▶ [EXERCISE DIRECTIONS]
Give the records back in full, exactly as they read.

Short text fragments from websites:
* * *

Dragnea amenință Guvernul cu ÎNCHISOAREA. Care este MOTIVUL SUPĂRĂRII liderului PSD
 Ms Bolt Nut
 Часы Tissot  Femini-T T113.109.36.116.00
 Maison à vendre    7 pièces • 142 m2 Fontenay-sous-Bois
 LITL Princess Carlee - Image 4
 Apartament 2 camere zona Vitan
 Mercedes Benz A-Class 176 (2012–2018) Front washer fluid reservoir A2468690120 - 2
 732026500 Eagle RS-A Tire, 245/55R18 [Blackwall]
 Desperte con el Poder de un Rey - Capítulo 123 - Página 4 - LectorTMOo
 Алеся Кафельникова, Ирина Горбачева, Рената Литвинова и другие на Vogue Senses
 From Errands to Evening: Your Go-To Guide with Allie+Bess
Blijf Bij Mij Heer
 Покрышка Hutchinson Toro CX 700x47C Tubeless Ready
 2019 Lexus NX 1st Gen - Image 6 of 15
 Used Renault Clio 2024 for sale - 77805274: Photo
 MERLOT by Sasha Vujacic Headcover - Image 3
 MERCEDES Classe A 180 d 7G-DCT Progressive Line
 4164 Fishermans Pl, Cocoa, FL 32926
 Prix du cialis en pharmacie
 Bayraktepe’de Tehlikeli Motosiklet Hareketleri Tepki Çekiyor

* * *

▶ [ANSWER SECTION]
Dragnea amenință Guvernul cu ÎNCHISOAREA. Care este MOTIVUL SUPĂRĂRII liderului PSD
 Ms Bolt Nut
 Часы Tissot  Femini-T T113.109.36.116.00
 Maison à vendre    7 pièces • 142 m2 Fontenay-sous-Bois
 LITL Princess Carlee - Image 4
 Apartament 2 camere zona Vitan
 Mercedes Benz A-Class 176 (2012–2018) Front washer fluid reservoir A2468690120 - 2
 732026500 Eagle RS-A Tire, 245/55R18 [Blackwall]
 Desperte con el Poder de un Rey - Capítulo 123 - Página 4 - LectorTMOo
 Алеся Кафельникова, Ирина Горбачева, Рената Литвинова и другие на Vogue Senses
 From Errands to Evening: Your Go-To Guide with Allie+Bess
Blijf Bij Mij Heer
 Покрышка Hutchinson Toro CX 700x47C Tubeless Ready
 2019 Lexus NX 1st Gen - Image 6 of 15
 Used Renault Clio 2024 for sale - 77805274: Photo
 MERLOT by Sasha Vujacic Headcover - Image 3
 MERCEDES Classe A 180 d 7G-DCT Progressive Line
 4164 Fishermans Pl, Cocoa, FL 32926
 Prix du cialis en pharmacie
 Bayraktepe’de Tehlikeli Motosiklet Hareketleri Tepki Çekiyor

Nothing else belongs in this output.